We partnered with Glasgow Homelessness Network to facilitate six focus group sessions in Glasgow, Edinburgh and Inverness. We wanted to understand what a new monitoring and data system would look like for people to help us begin to imagine how it could accelerate progress towards meeting the goal of making homelessness rare, brief and non recurrent.

We met with around 60 people over the course of 6 user sessions, from a mix of backgrounds and experiences. Over the course of a couple of hours, we spent time hearing people’s stories — the circumstances that contributed to them losing their homes, their experiences of the homelessness system, and for a number of people who were no longer homeless, how they came out the other side.

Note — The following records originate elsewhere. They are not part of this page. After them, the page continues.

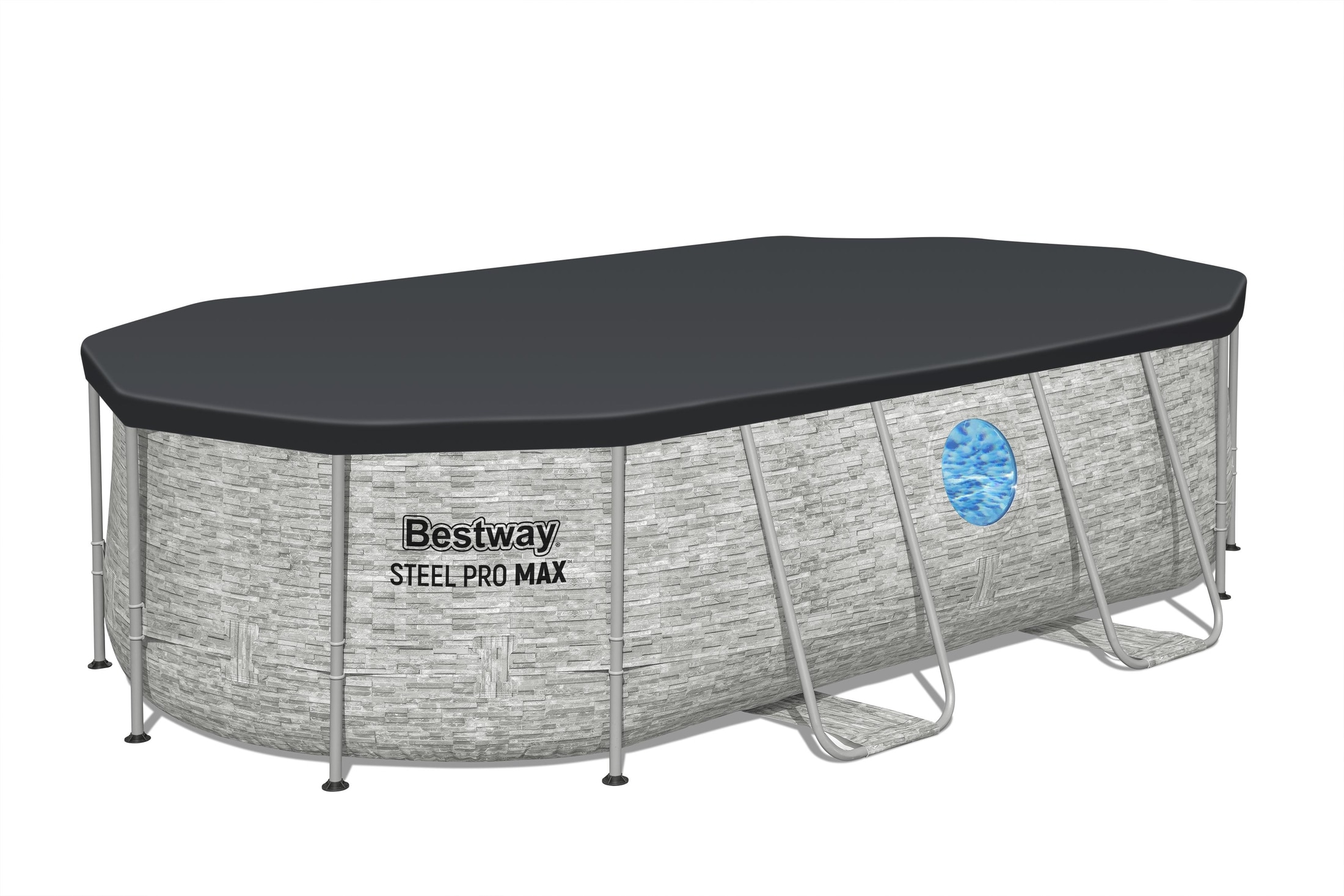 Piscina BESTWAY STEEL PRO MAX Splashview, ovala, cu ferestre, 427x250x100 cm, 7250L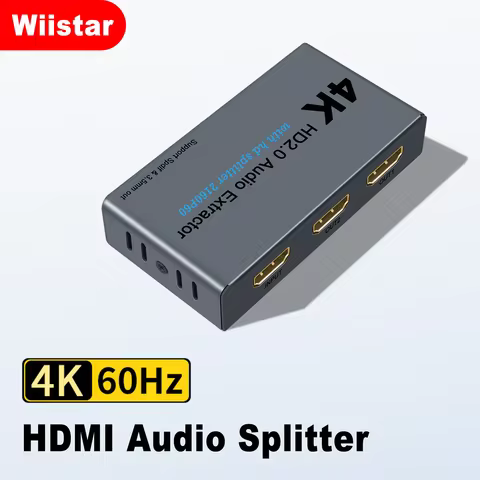 Wiistar HDMI Audio Extractor Splitter HDMI 1 in 2 out 4K60Hz HDMI to HDMI Optica SPDIF + 3.5mm HDMI 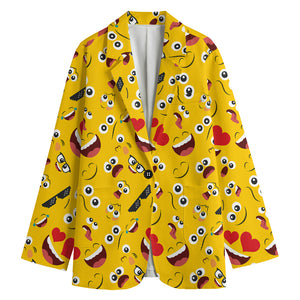 Funny Emoji Pattern Print Women's Cotton Blazer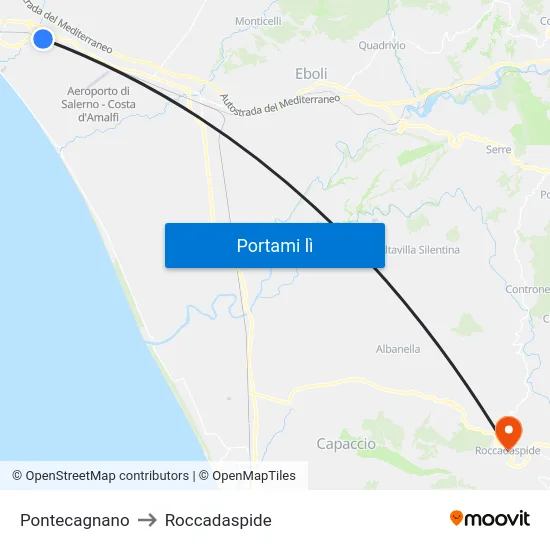Pontecagnano to Roccadaspide map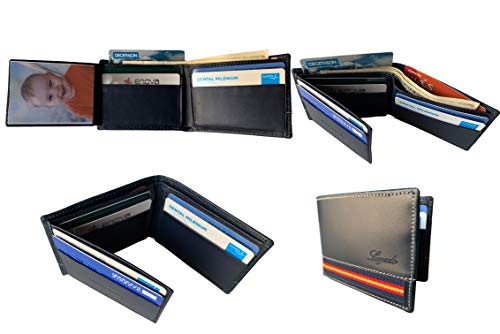 Tarjetero-para-Tarjetas-de-Credito-Tarjetero-Hombre-Pequeno-Piel-LEGADO-Tarjetero-Monedero-Hombre-Pequeno-Bandera-Espana-con-Bloqueo-RFID-y-Regalo-Pulsera-Bandera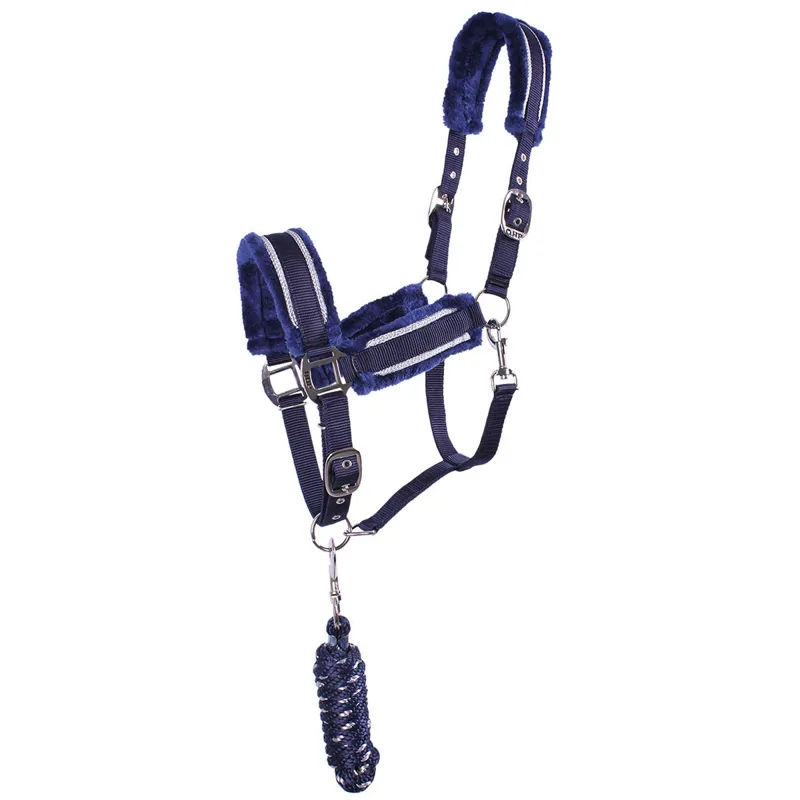 QHP Dolci Headcollar and Leadrope Set - Blue/Silver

The conversations focused on two main areas: how did people feel about their data being collected, shared and used in their support, and what were the points in their experience where sharing information with service providers has, or would have been useful?

What we heard

Feedback from participants who attended the focus groups was very useful. Here’s some key insights:

  • People experience assessment fatigue, particularly when having to retell their story. One man in Glasgow said,
“I don’t know how many times I have told my story to different workers, different agencies....it loses its impact by the fifth and sixth time you’ve told it.”  
  • People are also aware that they need to cover certain details in order to receive services – “you’re saying to yourself, am I telling them the things they’re looking for?  Have I told them the important stuff, because I don’t know what they’re wanting here?”.
  • People fully expect that their data will be shared with relevant service agencies in order to receive services and there is an assumption that this already happens; someone told us,
“the information I want to be shared should go on a system, in one place - I appreciate multiple agencies need the information” and another person used the example, “if you get an x-ray in Glasgow, the doctor will be able to look at it in Edinburgh. It follows me”.
  • People want to see their progress and there are a number of indicators that signal their situation is improving – from concrete goals like tenancies to softer indicators like routines, relationships and mental health. People would like these to be included in the dialogue they have with services. One individual’s primary goal was to be able to fill out his own forms and paperwork, “to become more independent, get back to the way things used to be”.
  • People told us that in assessment situations e.g. with the Council, it can feel very pressured and judgemental. A woman in Glasgow suggested that being given the time and opportunity to write her story down once for future reference would be valuable,
“If somebody said ‘what you tell me just now is going on file and will be passed on to anyone that you want it to, so tell me what you think is important’ – I would want to be prepared for it and go into depth about why things happened, and what could have prevented it instead of just skipping it”
  • People feel the assessment process could be made easier by being asked the right questions in a low pressure environment “somewhere where there is no power dynamic (no suits and ties)”.
  • We heard a lot about people feeling ‘processed through the system’ and the difference that genuine, friendly interactions with workers can make. One man in Edinburgh told us,
“I need people to listen, not just hear. I need to feel like people are invested in me, not just getting spoken at”. Another said “you may as well be talking to a computer at the council”

These stories have meant that we can represent the needs and concerns of people experiencing homelessness as we develop options for this data collection system. In particular, the learnings from these focus groups have helped shape a set of principles – the things that need to be considered as the system is built so that it works for everyone involved.

What’s next?

We are now drafting up our options appraisal and the report will be ready soon. We’ll also be developing prototypes to test with people across the sector.